▸ **WHAT THIS TASK INVOLVES**
Your job is to print, exactly, the lines in the data below from the line with "Fresh 'n Rebel" through the line with "Sonoma SO White", both included, and to omit any picture.

▸ **MATERIAL TO PROCESS**
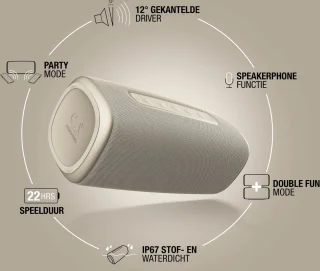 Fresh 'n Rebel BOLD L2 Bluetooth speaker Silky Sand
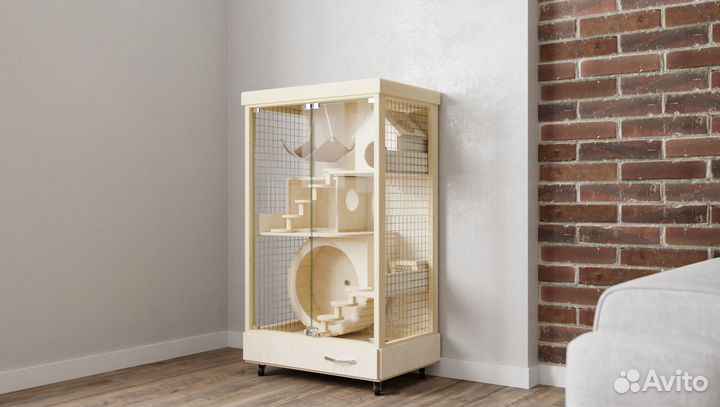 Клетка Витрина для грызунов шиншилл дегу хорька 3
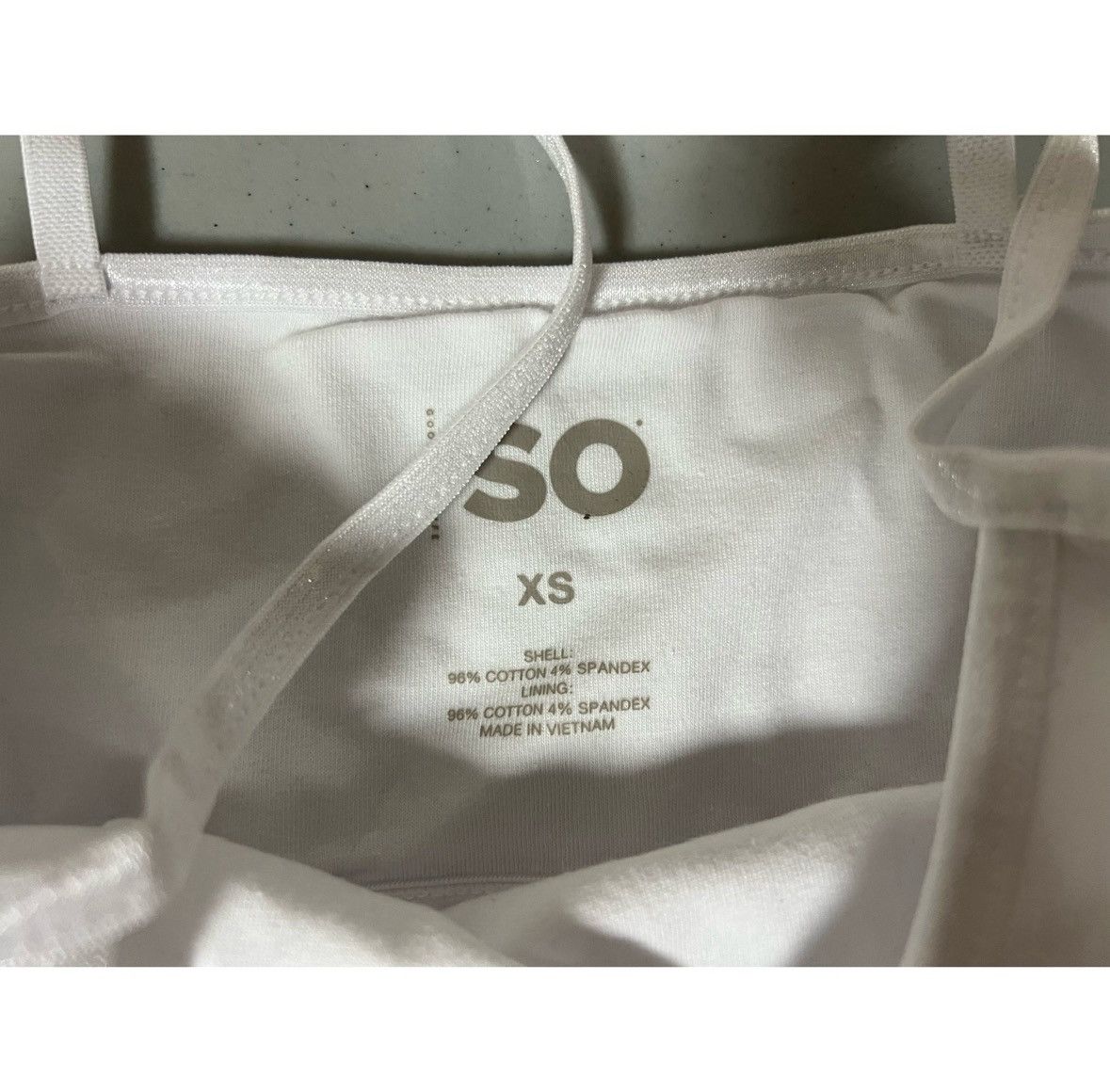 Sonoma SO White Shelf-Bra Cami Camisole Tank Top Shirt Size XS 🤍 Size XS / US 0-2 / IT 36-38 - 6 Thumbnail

---

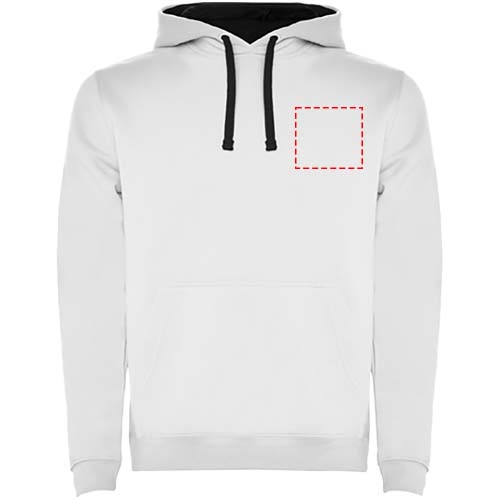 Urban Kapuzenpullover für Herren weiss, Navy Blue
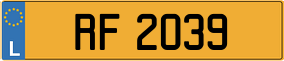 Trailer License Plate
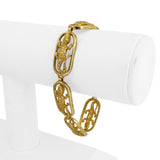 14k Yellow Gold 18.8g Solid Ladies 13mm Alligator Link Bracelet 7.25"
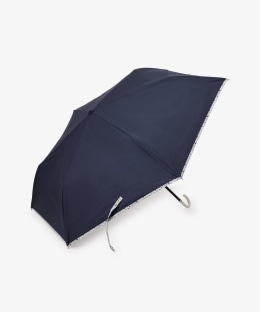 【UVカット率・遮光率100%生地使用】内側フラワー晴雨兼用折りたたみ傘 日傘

▸ **COMPLETED TASK**
 Fresh 'n Rebel BOLD L2 Bluetooth speaker Silky Sand
 Клетка Витрина для грызунов шиншилл дегу хорька 3
 Sonoma SO White Shelf-Bra Cami Camisole Tank Top Shirt Size XS 🤍 Size XS / US 0-2 / IT 36-38 - 6 Thumbnail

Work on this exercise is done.